BTW the table still renders badly for me (and others, based on previous comments). I suspect this a chrome thing, looks ok in safari.

Is it just me, or is the website performance generally pretty poor? On my two Android devices (phone and tablet) it can lock up and not do anything for 10-15secs, and sometimes comment sections take forever. On the laptop its not as bad, but sometimes 2-3 secs where you can't scroll the page

I'm not having these issues Win10

Apart from the fact that you are using Win10 ;-) LOLOLOL

I'm hurt Gingy. hahahaha
Nothing wrong with a PC.

Could be an ad blocker is affecting the table.

Aha. Thanks

I guess the printing press is producing stuff that h has to go somewhere. While their people cant export this money, their banking certainly looks like it can. Does anyone know how much market share the CCB has in little of NZ...?

I bet CCB are VERY VERY Niche. Expect only to cashed up borrowers with 50%+ equity.

Yes. The question for me is how much the niche players will force the hand(s) of the big players.

The big players have to fund with retail deposits, so that would require some pretty steep drops there. Interestingly, swaps are on a run up

According to RBNZ data, looks like CCB has 0.25% of market - $667m in housing loans, down 6% year June, so guess they are trying to stay viable. Would be interested if any commenters have had any experience with them

Didn't I see that ASB just raised $600m at 1.89 for 5 years?

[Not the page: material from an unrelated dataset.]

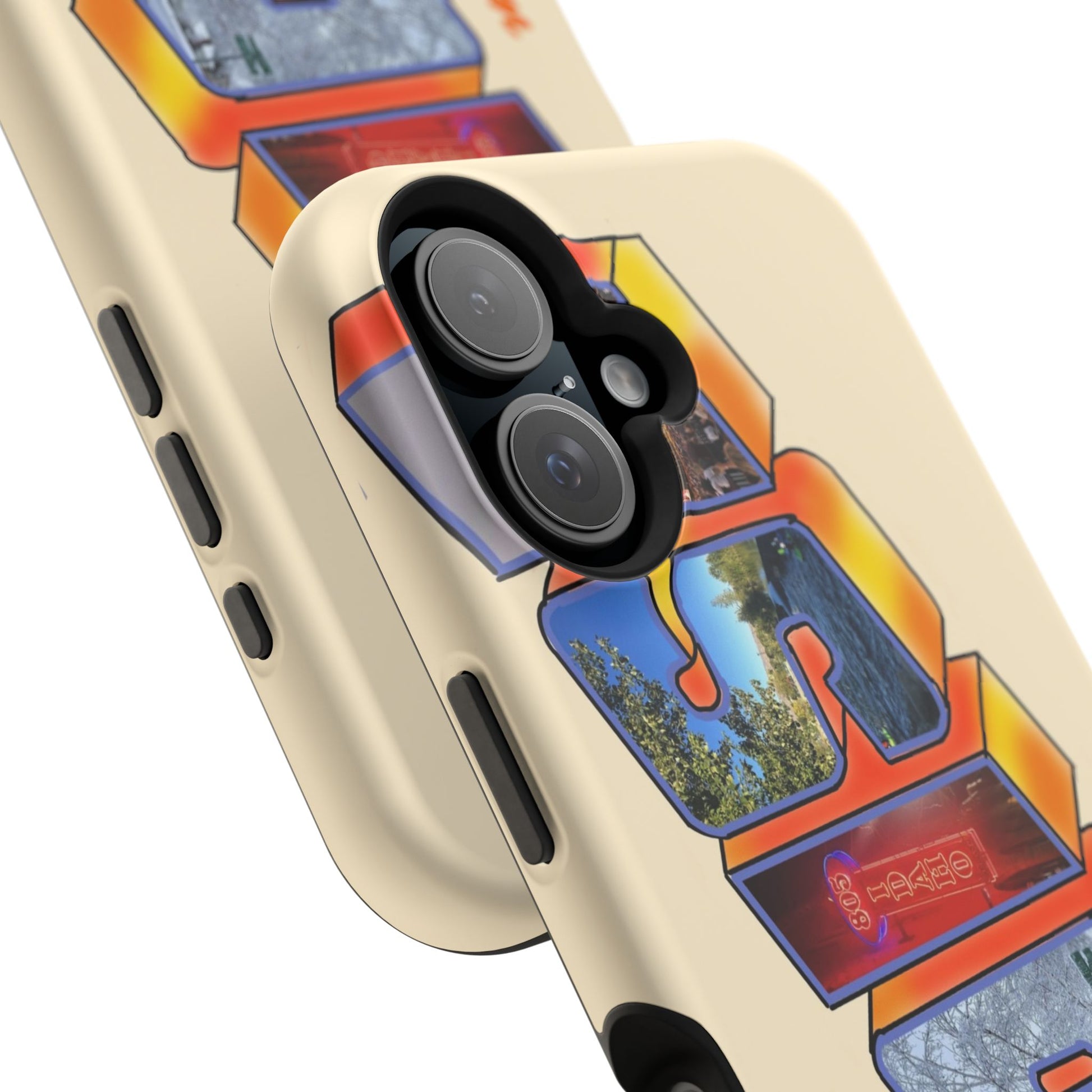 "Greetings from Boise" Orange Phone Case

$600m doesn't fund many loans. About 1% of their home loan portfolio, or, ALL of CCB's. The fact is, the big 4, and TSB + Kiwi have a legislative responsibility to use retail deposits, which CCB and HSBC do not have.

Still anticipating 2.99% for my refinancing next year.

As long as we don’t create ghost cities, or rather ghost developments in NZ, like they’ve created with the China property bubble, and like in Ireland before the crash. Search YouTube for some video tours of those ghost cities. It’s a real thing.

If anyone has ever managed to get a mortgage with these guys can you fess up?

I have friends who have 2 mortgages with them. Haven't heard any negative comments. You may need to speak Mandarin though.